Compounding and discounting are inverse operations:

  • Compounding pushes money forward in time (multiply by $(1+r)^n$).
  • Discounting pulls money backward in time (divide by $(1+r)^n$).

The term $(1+r)^n$ is the compounding factor; its reciprocal $\frac{1}{(1+r)^n}$ is the discounting factor (PVF).

Worked example

### Example 1

Future Value: You invest ₹10,000 today at 8% p.a. for 3 years.

$$FV = 10{,}000 \times (1.08)^3 = 10{,}000 \times 1.259712 = ₹12{,}597.12$$

### Example 2

Present Value: You will receive ₹12,597.12 three years from now; the discount rate is 8%.

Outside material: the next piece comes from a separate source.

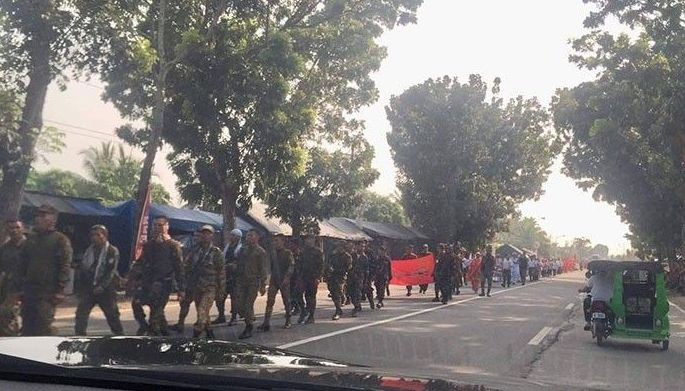 Misuari followers turn over guns brought to peace assembly without authorization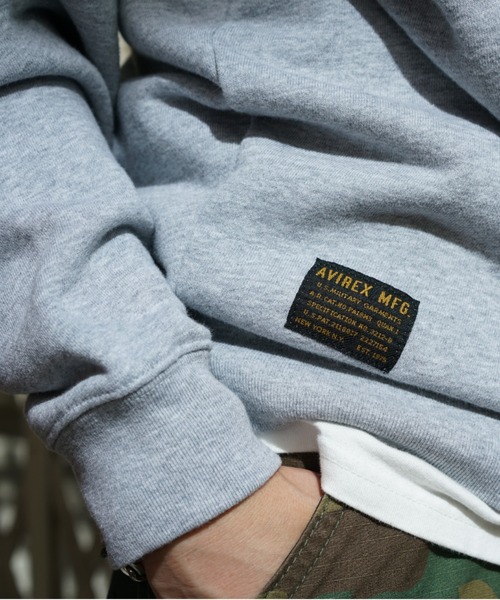 AVIREX(アヴィレックス)の「【直営店限定】カレッジ ロゴ スウェット / COLLEGE LOGO SWEAT / アヴィレックス / AVIREX(スウェット・メンズ・ブラック/グレー・MEDIUM/LARGE/X-LARGE)」の7枚目の写真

$$PV = \frac{12{,}597.12}{(1.08)^3} = \frac{12{,}597.12}{1.259712} = ₹10{,}000$$

Notice this is the exact reverse of the compounding example — confirming the two techniques are inverses.

⚠️ Common exam mistakes

  • Mixing up the formulas — dividing when you should compound (or vice versa). Remember: future value → multiply by (1+r)ⁿ; present value → divide by (1+r)ⁿ.
  • Using the interest rate as a whole number (e.g. 8) instead of a decimal (0.08) inside (1+r).
  • Forgetting to match the rate and the number of periods to the same compounding frequency (e.g. using an annual rate with a monthly period count).